As for the similarities in the creation stories in and outside the Bible, honestly there isn’t much to say, except on a few rather minor points. There are dramatic differences mainly: 1) apart from the Genesis account we are dealing with a polytheistic description of the origins of the universe; 2) creation takes place due to war in heaven, or at least a struggle in these other accounts; 3) while there is similarity in the assumption that some deity created human beings de novo (no evolution in any of these accounts) the purpose of creating humans in the non-Genesis accounts is so that the gods can stop working, and pass off their work load onto human beings. As the Atrahasis account says “let them carry the toil of the gods” (p. 116). 4) Biblical and non-Biblical accounts do speak of the humans being fruitful and multiplying, for the sake of the prosperity of the land, but note the reason why in the non-Genesis accounts So the gods can be served (with sacrifice etc.). Yahweh, however needs no such service, and the working of human beings is so they can fulfill the divine mandate of being co-creators and co-governors of the earth with God. 5) as God mentions in thesis 1 (p. 119), the Biblical God is not part of the cosmos, he is outside it, unlike the gods of the ANE, and it is created not from pre-existing parts (even parts of deities in some ANE accounts), but simply by God speaking.

My colleague Bill Arnold sums up things nicely— “In a word, ancient religion was polytheistic, mythological, and anthropomorphic, describing gods in human forms and functions while Genesis is monotheistic, scornful of mythology, and engages in anthropomorphism only as figures of speech.” (quoted on p. 119).

Just so, and this brings up an important point. The authors of Gen. 1-11 are not simply reflecting ANE culture in their account. They are not bound to such conventions and accounts, indeed if anything they are critiquing such accounts, and substituting a monotheistic one. This being the case, I don’t much see the point in saying that the Genesis account borrows in any significant way from these other accounts, or in saying it reflects the ancient science of such accounts. It really doesn’t. It has very different basic assumptions about God and about how creation happened and why it happened.

This certainly doesn’t make Gen. 1-11 a modern scientific account of things. It’s not an attempt at any kind of science, ancient or modern. It’s a poetic description of what God did long long ago. On the plus side, I agree with Scot’s take on the role of Wisdom as God’s agent of creation as seen in Proverbs and NT literature later, such as Col. 1.15-20. Gen. 1-2 however don’t really mention Wisdom personified, never mind Jesus as God’s Wisdom.

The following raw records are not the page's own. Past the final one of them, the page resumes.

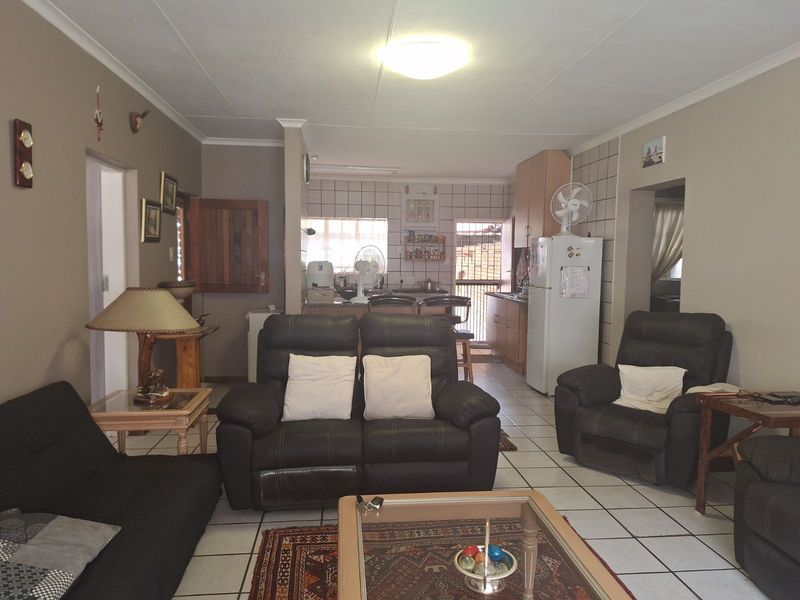 Townhouse For Sale in Modimolle Central - Photo 6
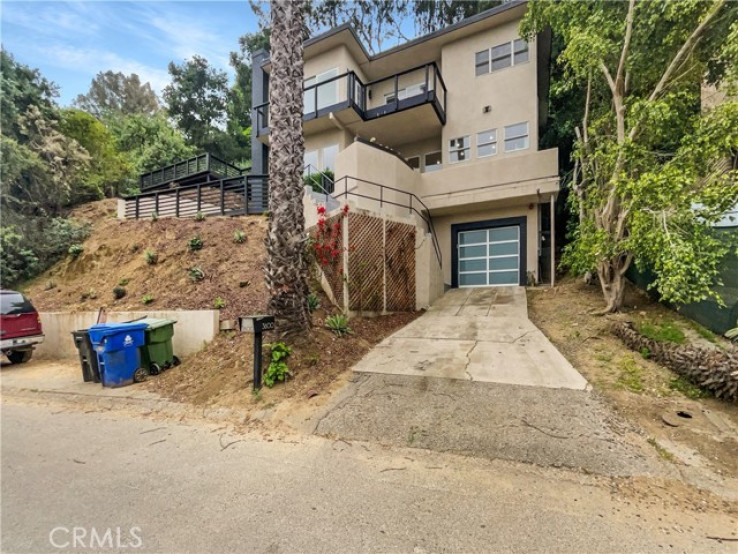 3 Bed Home for Sale in Los Angeles, California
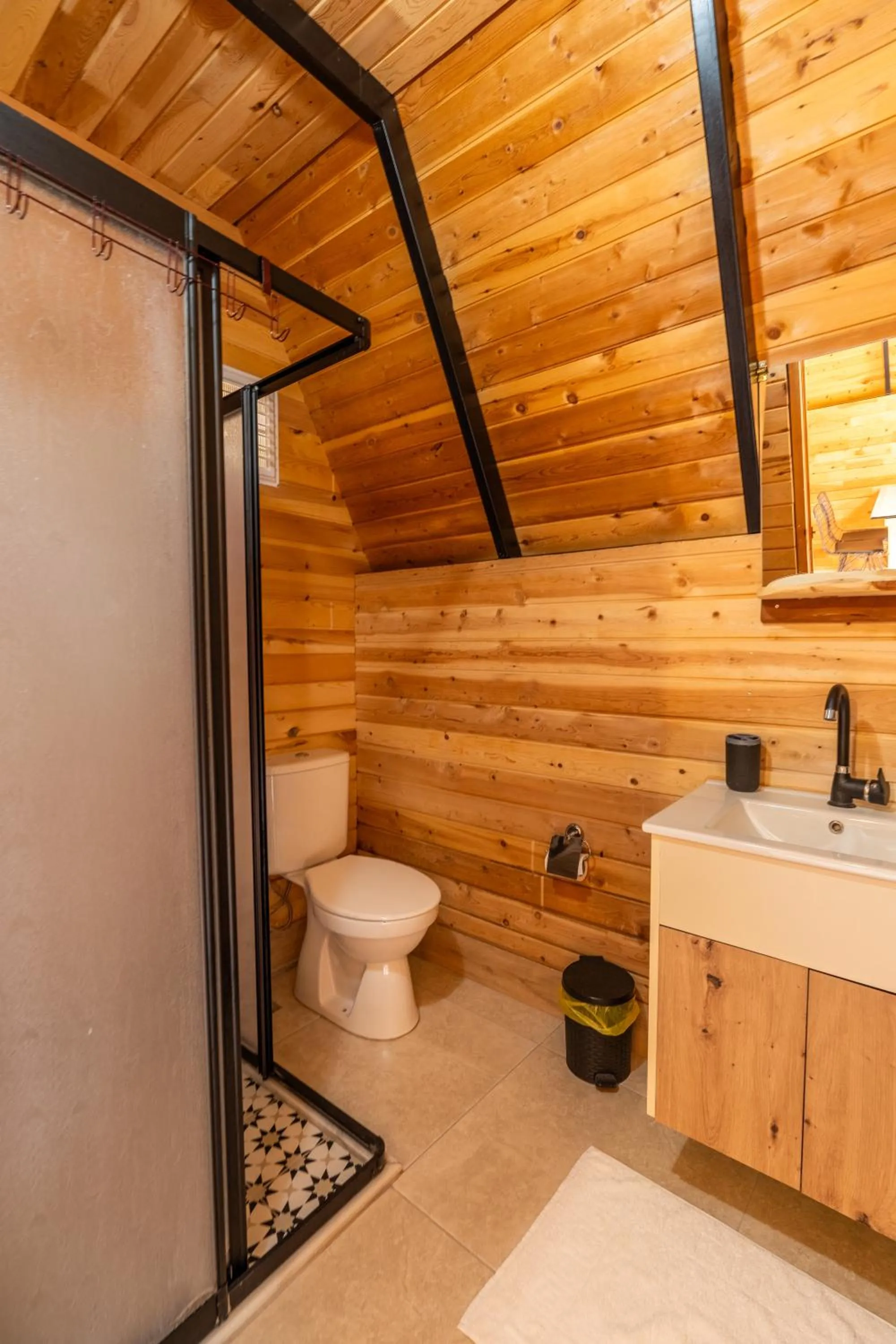 Bathroom in Karaöz Sapphire Bungalows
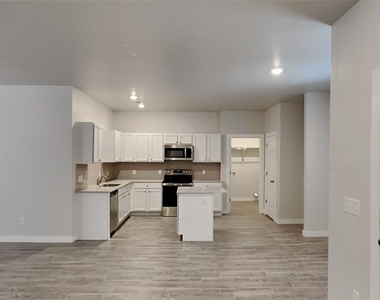 17630 Blackhawk Court - Photo Thumbnail 9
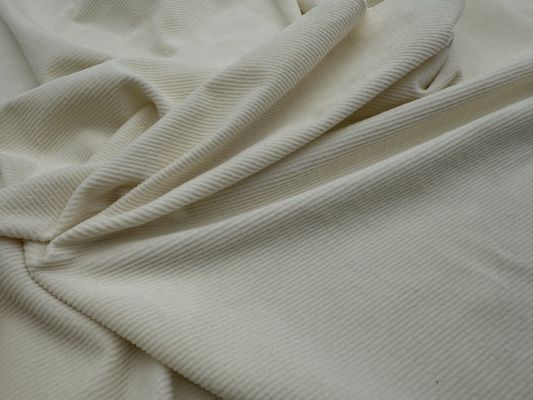 अपने कपड़ों के लिए सूक्ष्म लोचदार मखमल के कपड़े के आराम और स्थायित्व का अनुभव करें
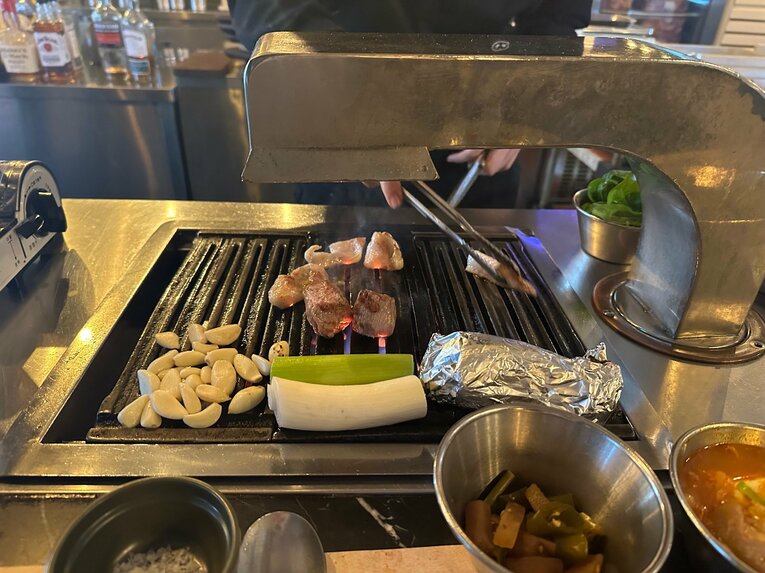 ミシュラン掲載のサムギョプサル店「クムテジ食堂」。２時間待ちだった（メールで待ち受け登録し連絡が来る）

In regard to thesis 2, there is a tad perhaps of evidence for the use of the conflict motif found in the ANE accounts in Ps. 74.13-16, and in fact much more in Rev. 12, for example. Michael Heiser in his book The Unseen Realm (see review and dialogue last Fall on this blog) I think demonstrates beyond reasonable doubt that it is one thing to say of pagan deities that they are not genuine gods, it’s another thing to say those beings that some people call gods don’t exist. The Biblical authors, including Isaiah, are misread if one thinks the latter is what they are saying. As Paul suggests in 1 Cor. 8-10, these other entities are not ‘nothing’ they are lesser beings he calls demons that can bother, bewitch, and bewilder God’s people, and so one must be wary of them.